Monday, February 9, 2009
The Bail In
Paul Krugman has a nice essay in today's (Monday, 9 February) New York Times. Roughly, his point is that Obama's campaign to cooperate, to compromise, or to capitulate, is making any stimulus package weaker.
It's a predictable strategy. While campaign, Obama had to please voters. President Obama has to please managers. Thus a 'stimulus' that is going to help the better off far more than the average. Tax incentives to buy houses that are still overvalued. Promises to place a "floor" beneath bad assets — in substance a promise of profit to investors, profit at Our — We the People's — expense.

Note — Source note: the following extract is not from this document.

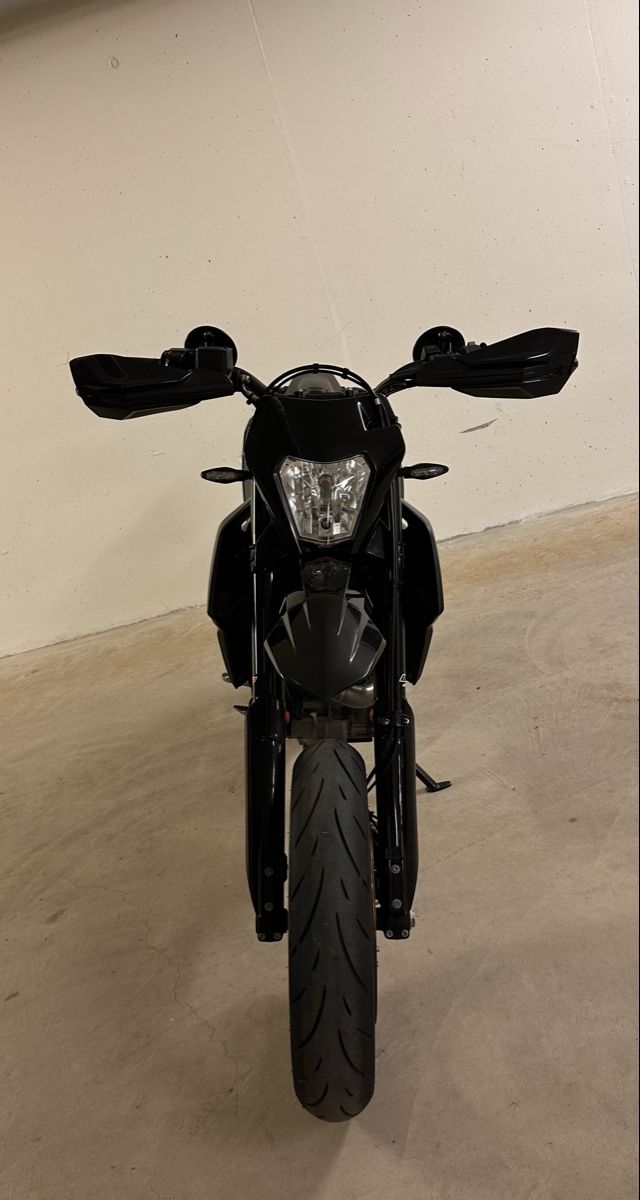 KTM Strada: KTM SMCR 690 35kw 2022 – Usato da Aadorf venduto da davidesilvestri 1
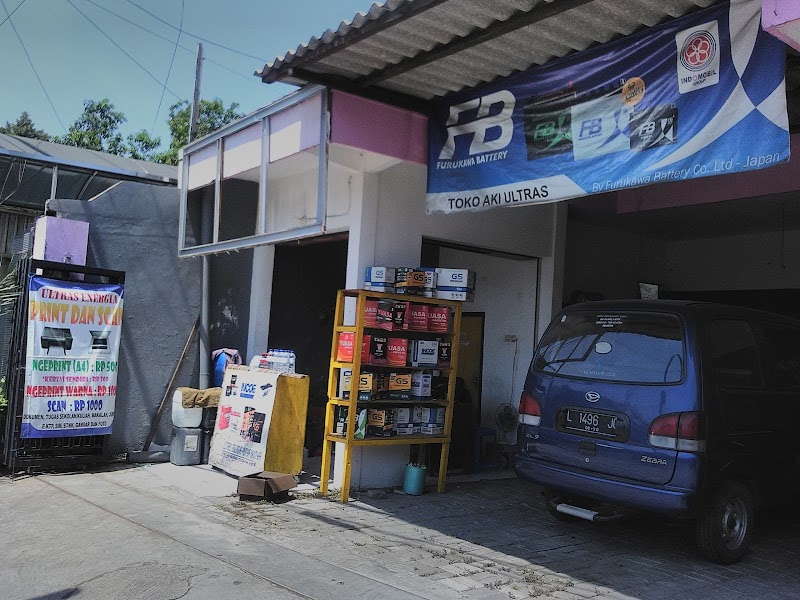 toko-aki-mobil-di-surabaya-toko-aki-ultras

It is predictable because key Dogmas of American Economy, articles of faith, remain unchallenged, unquestioned, even unremarked but for the likes of the late John Kenneth Galbraith and a handful of others.
That business, in this case the banking institutions of the United States, must remain in private hands goes unchallenged.
That the wealthy have a right to profit and indeed to ever increasing profit — a right guaranteed by We the People — goes unchallenged.
That We the People exist to Serve the Privileged goes unchallenged.
That We the People — We the Voters — serve those by law elected to serve us goes unchallenged.
That those in power, whether in the corporate boardroom or in the elected office, are naturally talented, naturally gifted, to carry out their roles goes unchallenged.
That they the privileged must, by virtue of their unique and natural talents, be better compensated than We the People, and indeed that they must be compensated even as we go poor, goes unchallenged.
Unchallenged are all the articles of faith which have lead us to the very point we find ourselved today.
Now We the People will pay for the Bail In — the direct, popular financial compensation of exactly those who created this mess. Water will be bailed into the sinking ship, courtesy of the dogma of tax cuts tax cuts tax cuts and no public ownership, no public control.